For example, Molders Choice came out with low-cost, all-stainless, self-contained loaders for 132 to 396 lb/hr. Prices start at $700.

ACS Group’s relatively new Economizer unit has expanded beyond granulators to include the EconoLoad line of hopper loaders from Spain that are said to be priced 10% to 30% below the competition. Standard features include all-stainless pellet receiver, level switch, sound enclosure, and pick-up wand and hose. There’s also a choice of basic controls or a microprocessor version for proportioning virgin and regrind. Options include a proportioning valve, remote control from a pendant, and blowback filter cleaning. Three models range from 1 to 7 liters and 110 to 325 lb/hr.

Conair’s new ultra-simple, low-cost, stainless-steel Tube Loaders (see Super-Simple Loader For Low Throughputs) now are available in compressed air and central-vacuum versions.

Motan also emphasized economy in two product introductions. One was the all-stainless S series of vacuum receivers of 2 to 50 lb capacity. Receiver sizes can be changed easily by adding or removing a body section. Motan says these receivers help make central conveying more affordable. A six-station system with a blower, system filter, and PLC control starts at $8283.

Motan also upgraded its Metro SB, Metro MV, MVMS, and Metro CD central vacuum receivers. Modifications are said to extend their life and reduce maintenance. For example, hardened steel sealing plungers resist wear better than the previous polyurethane. New optional screens prevent dust carryover. Also, a new option on glass-bodied Metro MV-style receivers is a retrofittable internal sealing flap that allows the receiver to be mounted on a machine throat that cannot hold a vacuum seal. Previously, such cases required a separate hopper below the receiver.
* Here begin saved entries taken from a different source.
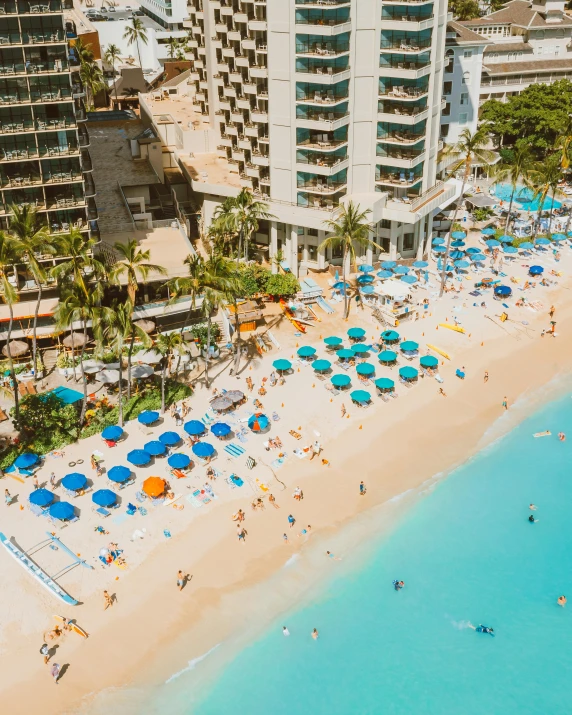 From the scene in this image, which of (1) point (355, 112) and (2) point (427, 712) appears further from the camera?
(1) point (355, 112)

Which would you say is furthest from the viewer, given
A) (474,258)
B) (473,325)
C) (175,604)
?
(474,258)

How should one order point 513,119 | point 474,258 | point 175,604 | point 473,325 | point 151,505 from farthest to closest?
point 513,119 < point 474,258 < point 473,325 < point 151,505 < point 175,604

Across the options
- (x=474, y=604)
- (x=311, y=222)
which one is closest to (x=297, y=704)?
(x=474, y=604)

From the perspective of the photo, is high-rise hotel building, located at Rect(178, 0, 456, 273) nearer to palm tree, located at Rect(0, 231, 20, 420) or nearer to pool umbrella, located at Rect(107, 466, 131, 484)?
palm tree, located at Rect(0, 231, 20, 420)

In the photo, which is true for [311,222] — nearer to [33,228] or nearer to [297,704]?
[33,228]

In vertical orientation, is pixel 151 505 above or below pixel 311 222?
below

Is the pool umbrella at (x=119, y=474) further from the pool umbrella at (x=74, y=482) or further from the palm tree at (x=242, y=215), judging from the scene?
the palm tree at (x=242, y=215)

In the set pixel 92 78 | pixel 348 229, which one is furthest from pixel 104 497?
pixel 92 78

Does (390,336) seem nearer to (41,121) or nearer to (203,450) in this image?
(203,450) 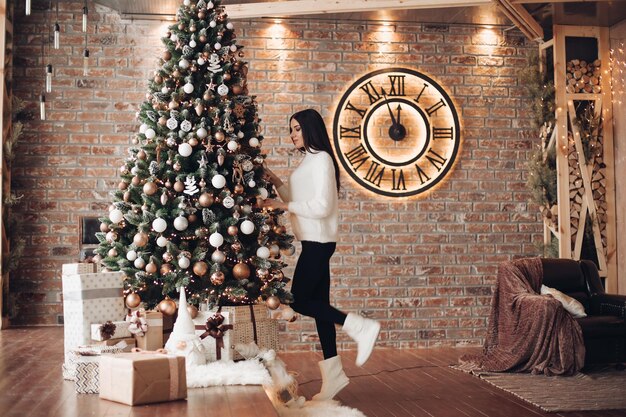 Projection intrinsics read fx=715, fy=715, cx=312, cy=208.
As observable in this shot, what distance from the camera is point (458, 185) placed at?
639cm

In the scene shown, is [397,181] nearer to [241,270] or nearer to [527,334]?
[527,334]

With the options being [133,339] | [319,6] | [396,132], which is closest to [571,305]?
[396,132]


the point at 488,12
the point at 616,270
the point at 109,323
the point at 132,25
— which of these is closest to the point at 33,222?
the point at 132,25

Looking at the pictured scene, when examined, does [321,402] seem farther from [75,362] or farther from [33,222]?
[33,222]

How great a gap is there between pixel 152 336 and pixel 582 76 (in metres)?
4.73

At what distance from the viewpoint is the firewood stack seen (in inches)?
251

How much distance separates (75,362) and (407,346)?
3665 mm

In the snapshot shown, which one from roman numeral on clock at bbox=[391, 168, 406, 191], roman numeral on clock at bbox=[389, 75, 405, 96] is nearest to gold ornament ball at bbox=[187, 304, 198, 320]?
roman numeral on clock at bbox=[391, 168, 406, 191]

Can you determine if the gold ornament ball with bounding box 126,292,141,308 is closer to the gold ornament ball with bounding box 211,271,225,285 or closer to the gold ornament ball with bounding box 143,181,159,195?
the gold ornament ball with bounding box 211,271,225,285

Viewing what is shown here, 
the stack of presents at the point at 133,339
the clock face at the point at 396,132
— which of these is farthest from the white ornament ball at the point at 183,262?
the clock face at the point at 396,132

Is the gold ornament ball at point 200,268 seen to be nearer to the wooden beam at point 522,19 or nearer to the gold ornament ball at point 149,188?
the gold ornament ball at point 149,188

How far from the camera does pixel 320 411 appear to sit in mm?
3527

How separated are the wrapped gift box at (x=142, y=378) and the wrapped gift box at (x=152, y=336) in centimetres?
41

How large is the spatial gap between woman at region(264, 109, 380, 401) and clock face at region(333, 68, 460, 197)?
2.30 meters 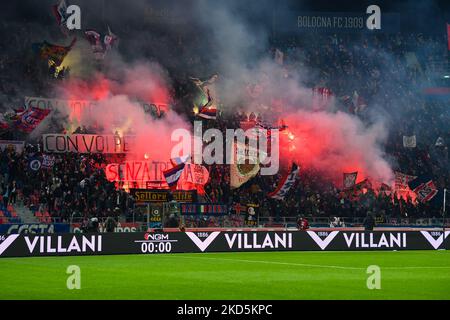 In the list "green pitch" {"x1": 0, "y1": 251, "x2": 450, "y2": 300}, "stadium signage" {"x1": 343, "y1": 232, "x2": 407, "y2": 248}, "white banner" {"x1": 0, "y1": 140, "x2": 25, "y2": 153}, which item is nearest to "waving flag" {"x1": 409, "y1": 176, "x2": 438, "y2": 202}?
"stadium signage" {"x1": 343, "y1": 232, "x2": 407, "y2": 248}

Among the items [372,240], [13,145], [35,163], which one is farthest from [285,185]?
[13,145]

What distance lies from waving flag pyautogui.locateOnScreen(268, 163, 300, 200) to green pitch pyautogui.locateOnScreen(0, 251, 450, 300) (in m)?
14.2

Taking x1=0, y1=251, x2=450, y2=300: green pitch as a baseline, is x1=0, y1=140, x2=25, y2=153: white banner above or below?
above

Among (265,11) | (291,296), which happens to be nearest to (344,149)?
(265,11)

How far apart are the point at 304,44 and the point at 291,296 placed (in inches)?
1642

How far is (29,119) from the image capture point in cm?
4431

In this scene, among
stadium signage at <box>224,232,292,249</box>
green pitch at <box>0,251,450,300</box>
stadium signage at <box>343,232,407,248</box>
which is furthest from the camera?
stadium signage at <box>343,232,407,248</box>

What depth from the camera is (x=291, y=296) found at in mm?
17516

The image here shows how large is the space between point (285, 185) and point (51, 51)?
567 inches

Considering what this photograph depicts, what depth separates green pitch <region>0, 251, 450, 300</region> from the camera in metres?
17.9

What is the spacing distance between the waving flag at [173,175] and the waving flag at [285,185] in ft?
17.0

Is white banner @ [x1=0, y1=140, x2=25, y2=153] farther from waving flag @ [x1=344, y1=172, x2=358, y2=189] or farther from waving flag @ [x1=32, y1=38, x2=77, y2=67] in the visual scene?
waving flag @ [x1=344, y1=172, x2=358, y2=189] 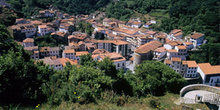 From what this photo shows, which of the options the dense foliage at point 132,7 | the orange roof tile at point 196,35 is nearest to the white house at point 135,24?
the dense foliage at point 132,7

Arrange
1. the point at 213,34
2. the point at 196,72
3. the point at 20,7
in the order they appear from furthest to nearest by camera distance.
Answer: the point at 20,7 < the point at 213,34 < the point at 196,72

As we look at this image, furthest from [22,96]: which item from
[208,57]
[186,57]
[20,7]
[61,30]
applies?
[20,7]

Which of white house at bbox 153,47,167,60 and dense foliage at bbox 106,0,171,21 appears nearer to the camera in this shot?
white house at bbox 153,47,167,60

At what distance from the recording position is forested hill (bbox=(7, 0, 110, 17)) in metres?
42.6

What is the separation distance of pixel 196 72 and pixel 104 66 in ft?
58.2

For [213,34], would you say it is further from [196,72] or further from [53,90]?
[53,90]

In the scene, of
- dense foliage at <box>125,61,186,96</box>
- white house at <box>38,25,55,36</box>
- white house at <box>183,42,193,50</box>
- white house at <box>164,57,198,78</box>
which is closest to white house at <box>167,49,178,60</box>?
white house at <box>164,57,198,78</box>

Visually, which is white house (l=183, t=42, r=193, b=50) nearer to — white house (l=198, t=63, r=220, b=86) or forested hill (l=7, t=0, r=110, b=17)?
white house (l=198, t=63, r=220, b=86)

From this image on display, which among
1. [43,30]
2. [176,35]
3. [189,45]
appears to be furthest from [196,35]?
[43,30]

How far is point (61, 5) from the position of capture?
57875 millimetres

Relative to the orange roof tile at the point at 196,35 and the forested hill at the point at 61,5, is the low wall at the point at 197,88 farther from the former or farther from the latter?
the forested hill at the point at 61,5

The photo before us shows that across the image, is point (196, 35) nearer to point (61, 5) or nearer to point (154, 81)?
point (154, 81)

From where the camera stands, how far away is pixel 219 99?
27.5 feet

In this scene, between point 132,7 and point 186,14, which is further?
point 132,7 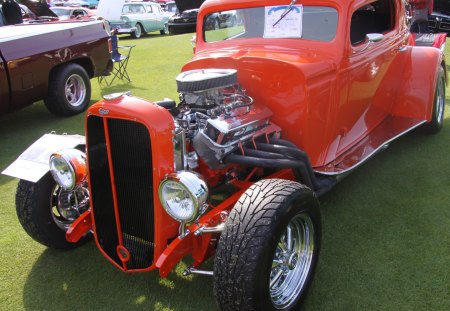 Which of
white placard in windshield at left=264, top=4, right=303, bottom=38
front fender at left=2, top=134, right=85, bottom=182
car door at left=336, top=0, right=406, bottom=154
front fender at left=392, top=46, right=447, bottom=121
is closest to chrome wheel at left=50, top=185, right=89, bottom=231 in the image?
front fender at left=2, top=134, right=85, bottom=182

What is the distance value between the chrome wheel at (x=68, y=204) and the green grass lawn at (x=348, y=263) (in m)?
0.24

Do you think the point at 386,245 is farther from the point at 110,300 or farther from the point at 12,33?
the point at 12,33

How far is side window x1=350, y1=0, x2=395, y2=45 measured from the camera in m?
4.04

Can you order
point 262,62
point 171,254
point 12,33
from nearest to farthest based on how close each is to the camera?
point 171,254, point 262,62, point 12,33

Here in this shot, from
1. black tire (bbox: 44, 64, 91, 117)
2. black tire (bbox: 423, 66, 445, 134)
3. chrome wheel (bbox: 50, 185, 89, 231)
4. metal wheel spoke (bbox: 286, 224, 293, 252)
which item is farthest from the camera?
black tire (bbox: 44, 64, 91, 117)

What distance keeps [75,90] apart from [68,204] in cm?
383

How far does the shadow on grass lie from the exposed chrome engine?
766 mm

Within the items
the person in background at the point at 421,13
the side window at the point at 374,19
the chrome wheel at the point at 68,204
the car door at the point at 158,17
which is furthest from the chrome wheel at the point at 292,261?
the car door at the point at 158,17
Meanwhile, AEC introduced larger all-stainless vacuum receivers, models SRC30 and SRC60, which have capacities of 3 and 6 ft3, respectively, and enlarged (6-in.) discharge throats. Also new is a large pellet deflector to minimize filter maintenance.

Premier Pneumatics’ new Series3 2424 powder and pellet vacuum receivers are designed for high-capacity conveying and railcar or silo unloading at 5000 to 15,000 lb/hr. The 5-ft3 hopper has a 4-in. inlet, 10-in. gravity discharge gate, and 50-in.2 washable filter. Low-voltage (24VDC) controls are suitable for use with either a microprocessor or PLC controller. Low-voltage controls are also provided on the newest Series 2400 vacuum receivers.

Also for high-capacity conveying, new Hurricane P-Series receivers from K-Tron America handle colorants and other powders that flow poorly or need gentle conveying. These all-stainless units have automatic filter cleaning and capacities from 1300 to 8800 lb/hr. Models can be self-contained or central type.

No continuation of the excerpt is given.